§ **WHAT NEEDS TO BE DONE**
Go to the line containing "Sofá de 2 plazas" in the material below. From there to the end, retype every line exactly and drop the pictures.

---------- WORKING DATA

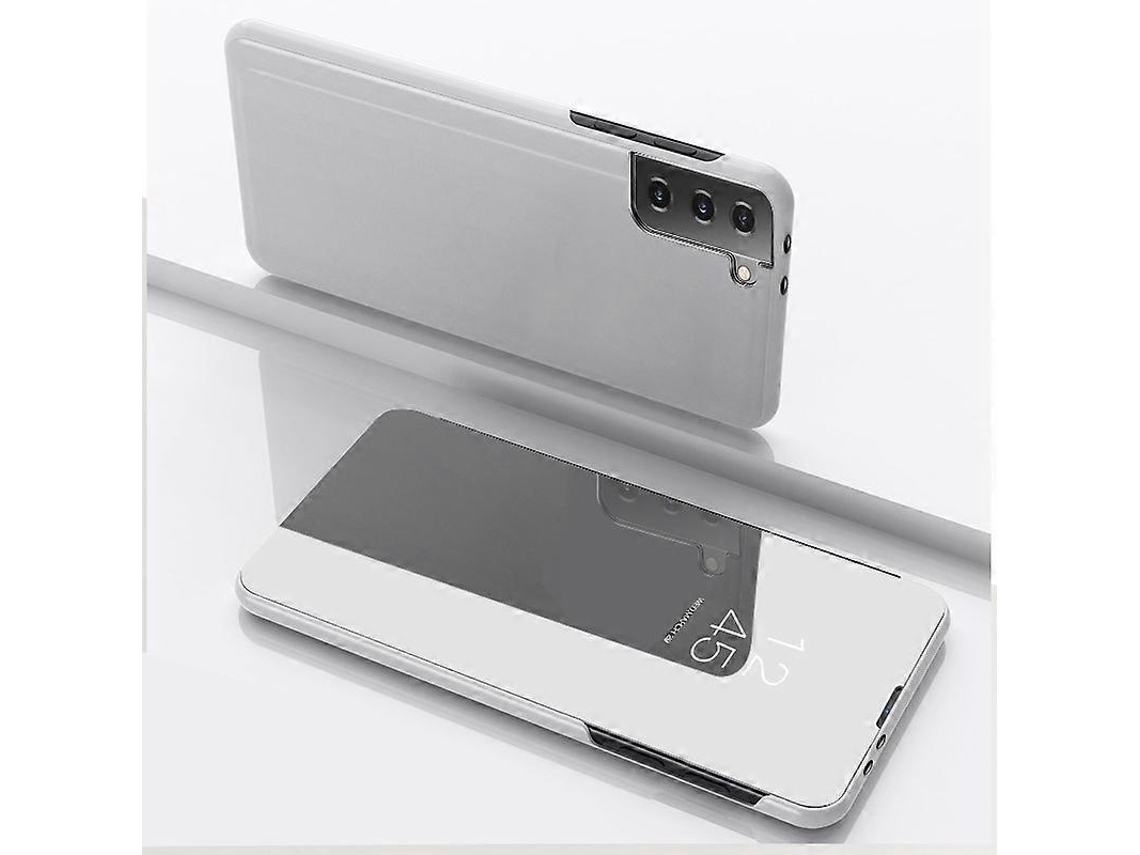 Capa De Couro Espelhado Banhado A Ouro Para Samsung Galaxy S23+ 5g Com Suporte.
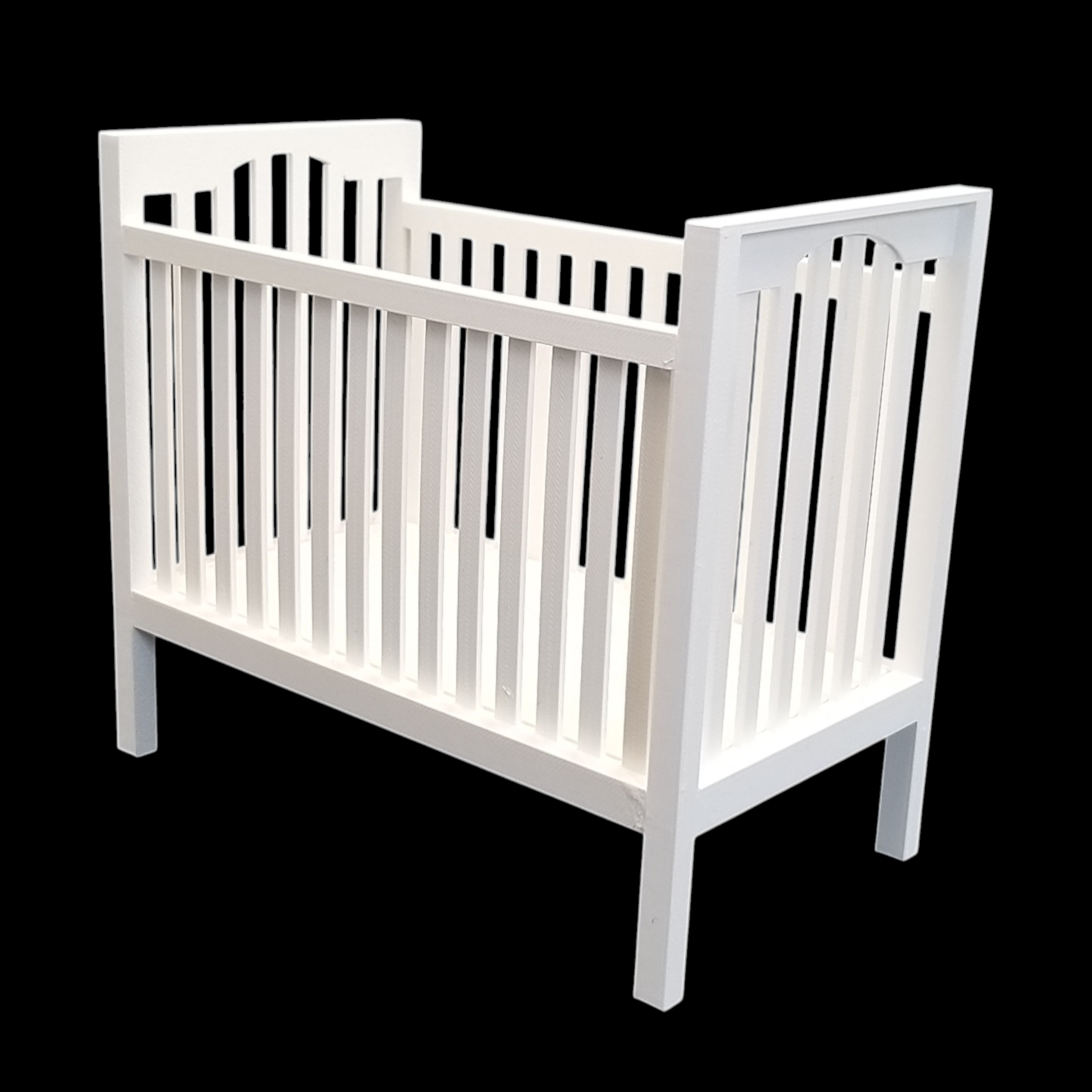 mini fehér kiságy babaházhoz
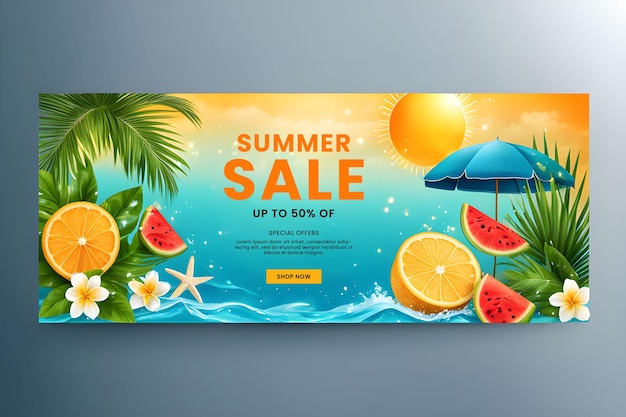 Realistic style summer sale horizontal banner template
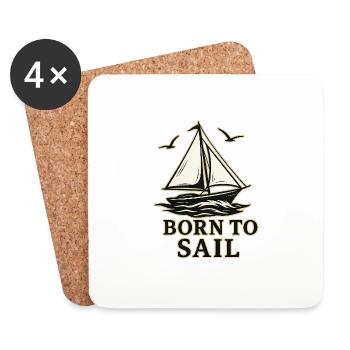 Born to Sail – Abenteuer Segelboot Design Vintage - Untersetzer (4er-Set) - Weiß - Vorne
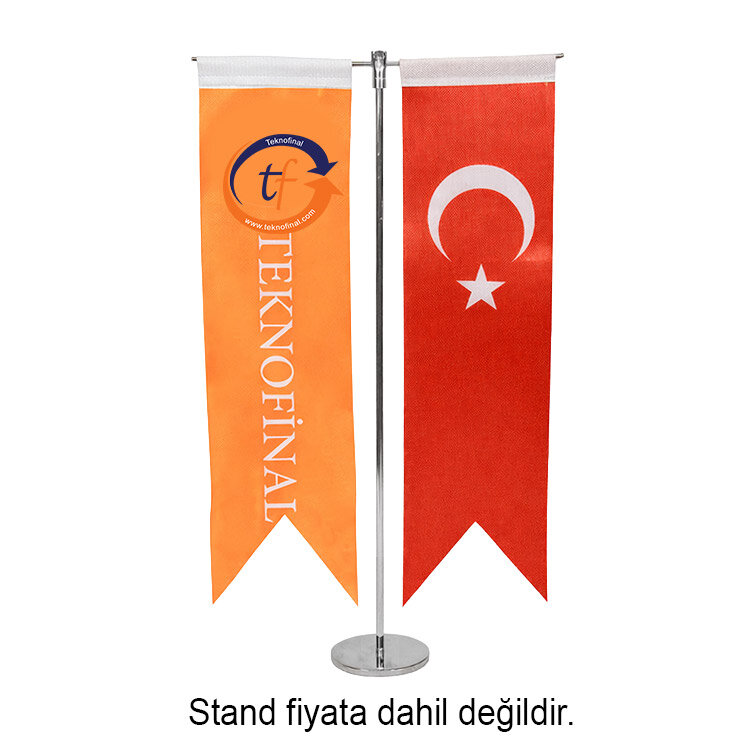 Süblimasyon Kırlangıç Beyaz & Türk Saten Masa Bayrağı - 5'li Paket - 3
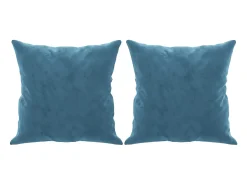 Sofá de 2 plazas con cojines terciopelo azul 120 cm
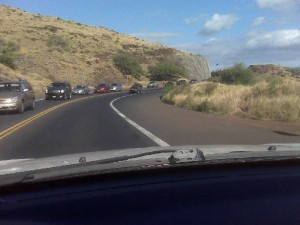 Image of today's traffic slowdown courtesy: Pat Sensano. Traffic slowed following a small brush fire reported in Olowalu shortly before 3 p.m.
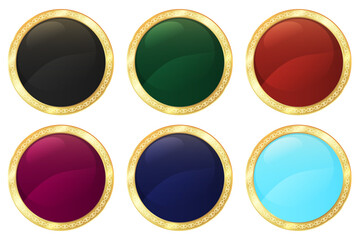 Set of Golden Buttons with Colorful Backgrounds, Collection, Badge, Lable, Emblem, Frame, Golden Gradient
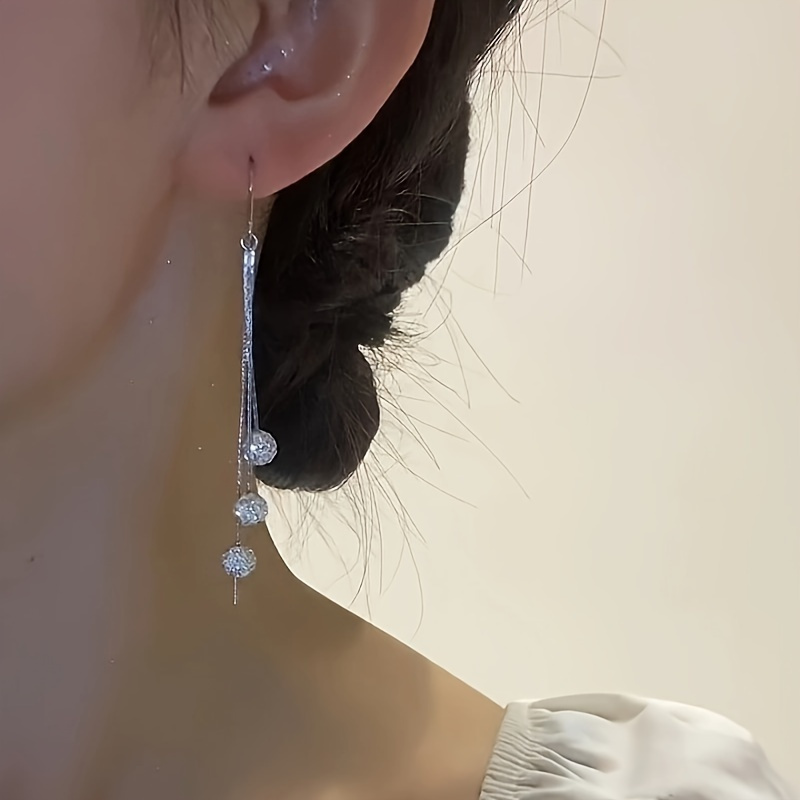 Women's Japanese Style Tassel Earrings, Shining Ball Pendants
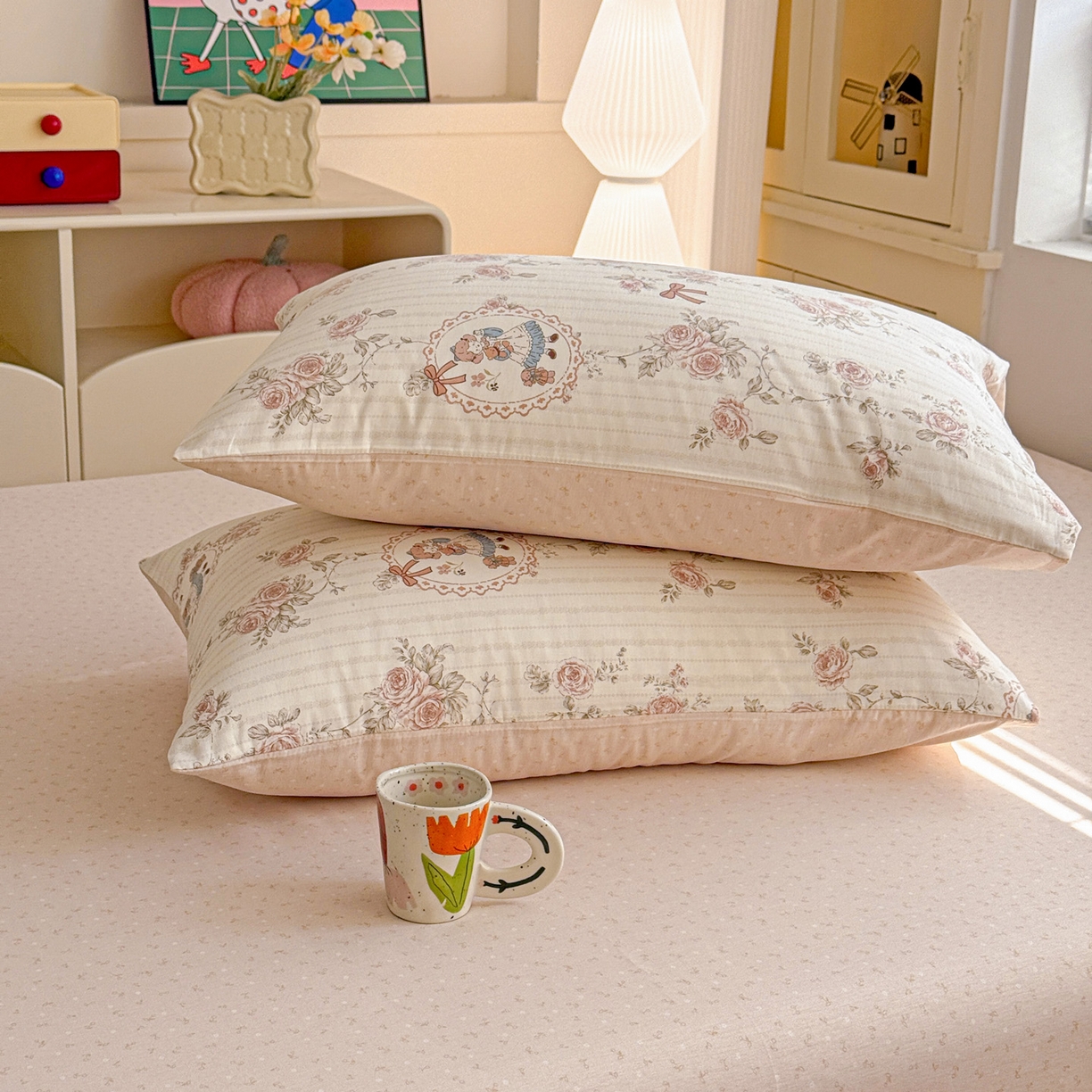 91家纺网 家纺一手货源 找家纺 名品家纺 2026新款100%纯棉枕套系列 蔷薇姑娘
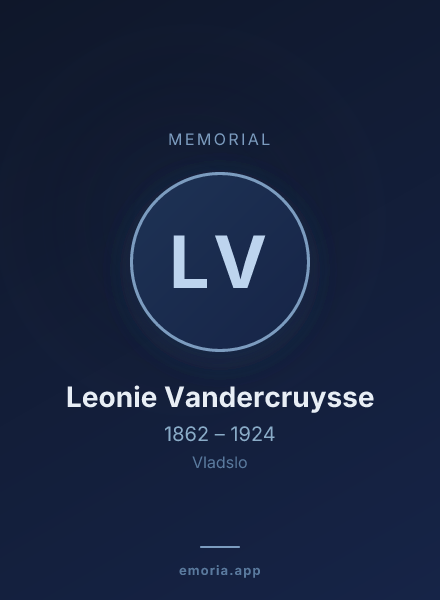 Memorial portrait of Leonie Vandercruysse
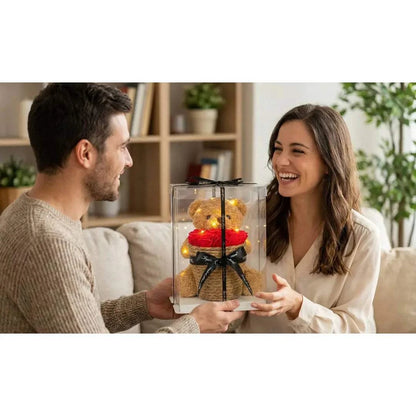 Teddy ayı ve Sonsuz Güller Hediye Sepeti – 25 cm – Romantik Hediye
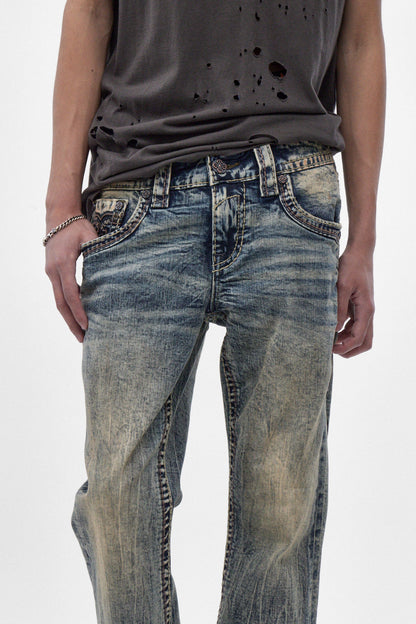 Alistair Slim Bootcut Jeans in Acid Blue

--------------------

§ **TASK SOLUTION**
 Sofá de 2 plazas con cojines terciopelo azul 120 cm
 Image of today's traffic slowdown courtesy: Pat Sensano. Traffic slowed following a small brush fire reported in Olowalu shortly before 3 p.m.
 Set of Golden Buttons with Colorful Backgrounds, Collection, Badge, Lable, Emblem, Frame, Golden Gradient
 Women's Japanese Style Tassel Earrings, Shining Ball Pendants
 91家纺网 家纺一手货源 找家纺 名品家纺 2026新款100%纯棉枕套系列 蔷薇姑娘
 Memorial portrait of Leonie Vandercruysse
 Teddy ayı ve Sonsuz Güller Hediye Sepeti – 25 cm – Romantik Hediye
 Alistair Slim Bootcut Jeans in Acid Blue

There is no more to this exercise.